• **Task to complete**
Exactly as they appear, copy the lines from the start of the entries below to the line containing "Smiling Woman in Sunglasses and Hijab", both ends included.

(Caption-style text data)

━━━━━━━━━━━━━━━━━━━━━━━━━━━━━━

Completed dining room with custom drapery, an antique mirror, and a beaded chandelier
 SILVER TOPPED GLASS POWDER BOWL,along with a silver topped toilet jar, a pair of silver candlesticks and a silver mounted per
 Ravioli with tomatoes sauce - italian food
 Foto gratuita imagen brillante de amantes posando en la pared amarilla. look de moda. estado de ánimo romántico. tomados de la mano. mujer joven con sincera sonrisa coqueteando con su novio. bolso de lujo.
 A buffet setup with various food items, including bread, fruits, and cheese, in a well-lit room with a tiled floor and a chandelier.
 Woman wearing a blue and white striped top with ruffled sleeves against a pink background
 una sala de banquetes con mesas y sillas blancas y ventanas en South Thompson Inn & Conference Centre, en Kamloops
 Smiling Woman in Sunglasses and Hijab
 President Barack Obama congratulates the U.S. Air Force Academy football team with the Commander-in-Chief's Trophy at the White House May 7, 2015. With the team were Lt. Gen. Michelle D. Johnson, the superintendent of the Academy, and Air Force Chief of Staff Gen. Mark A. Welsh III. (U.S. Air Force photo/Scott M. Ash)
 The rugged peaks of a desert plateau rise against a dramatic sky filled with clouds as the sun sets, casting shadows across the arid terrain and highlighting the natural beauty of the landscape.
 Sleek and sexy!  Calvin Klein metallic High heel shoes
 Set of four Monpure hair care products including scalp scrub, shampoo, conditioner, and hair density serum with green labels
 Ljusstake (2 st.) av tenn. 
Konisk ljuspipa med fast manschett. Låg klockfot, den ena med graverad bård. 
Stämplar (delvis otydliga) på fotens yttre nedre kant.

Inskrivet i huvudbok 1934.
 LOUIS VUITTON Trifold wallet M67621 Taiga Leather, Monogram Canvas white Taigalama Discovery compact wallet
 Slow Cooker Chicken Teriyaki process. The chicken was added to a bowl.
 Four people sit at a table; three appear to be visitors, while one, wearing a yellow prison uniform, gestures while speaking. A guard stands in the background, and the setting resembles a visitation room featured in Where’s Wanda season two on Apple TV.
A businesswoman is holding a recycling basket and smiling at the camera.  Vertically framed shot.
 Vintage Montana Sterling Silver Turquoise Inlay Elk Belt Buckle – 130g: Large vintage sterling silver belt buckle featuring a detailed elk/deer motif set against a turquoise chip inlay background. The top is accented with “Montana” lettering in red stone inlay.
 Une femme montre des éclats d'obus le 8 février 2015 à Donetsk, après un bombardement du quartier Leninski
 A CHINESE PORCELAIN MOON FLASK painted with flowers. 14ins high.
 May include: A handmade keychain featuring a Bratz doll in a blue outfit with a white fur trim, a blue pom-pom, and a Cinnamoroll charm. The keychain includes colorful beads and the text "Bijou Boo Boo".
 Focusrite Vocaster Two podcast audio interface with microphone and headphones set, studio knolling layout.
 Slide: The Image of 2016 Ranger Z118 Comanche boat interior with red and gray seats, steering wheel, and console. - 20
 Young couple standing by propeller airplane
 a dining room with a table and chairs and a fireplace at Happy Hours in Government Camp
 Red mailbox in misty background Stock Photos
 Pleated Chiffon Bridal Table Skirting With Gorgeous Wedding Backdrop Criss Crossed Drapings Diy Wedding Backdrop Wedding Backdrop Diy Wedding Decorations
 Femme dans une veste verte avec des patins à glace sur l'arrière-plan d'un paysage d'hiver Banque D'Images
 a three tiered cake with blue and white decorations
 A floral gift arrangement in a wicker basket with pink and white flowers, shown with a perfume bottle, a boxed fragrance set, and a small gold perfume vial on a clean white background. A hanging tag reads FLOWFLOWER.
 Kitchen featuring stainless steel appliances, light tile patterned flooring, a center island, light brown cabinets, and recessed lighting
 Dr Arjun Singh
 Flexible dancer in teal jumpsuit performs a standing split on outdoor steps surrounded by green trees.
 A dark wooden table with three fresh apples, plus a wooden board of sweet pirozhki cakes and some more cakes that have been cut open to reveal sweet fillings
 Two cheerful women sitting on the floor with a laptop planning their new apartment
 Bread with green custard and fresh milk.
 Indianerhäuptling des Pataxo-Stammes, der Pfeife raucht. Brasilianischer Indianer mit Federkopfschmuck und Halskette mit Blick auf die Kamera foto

━━━━━━━━━━━━━━━━━━━━━━━━━━━━━━

• **Result of the exercise**
Completed dining room with custom drapery, an antique mirror, and a beaded chandelier
 SILVER TOPPED GLASS POWDER BOWL,along with a silver topped toilet jar, a pair of silver candlesticks and a silver mounted per
 Ravioli with tomatoes sauce - italian food
 Foto gratuita imagen brillante de amantes posando en la pared amarilla. look de moda. estado de ánimo romántico. tomados de la mano. mujer joven con sincera sonrisa coqueteando con su novio. bolso de lujo.
 A buffet setup with various food items, including bread, fruits, and cheese, in a well-lit room with a tiled floor and a chandelier.
 Woman wearing a blue and white striped top with ruffled sleeves against a pink background
 una sala de banquetes con mesas y sillas blancas y ventanas en South Thompson Inn & Conference Centre, en Kamloops
 Smiling Woman in Sunglasses and Hijab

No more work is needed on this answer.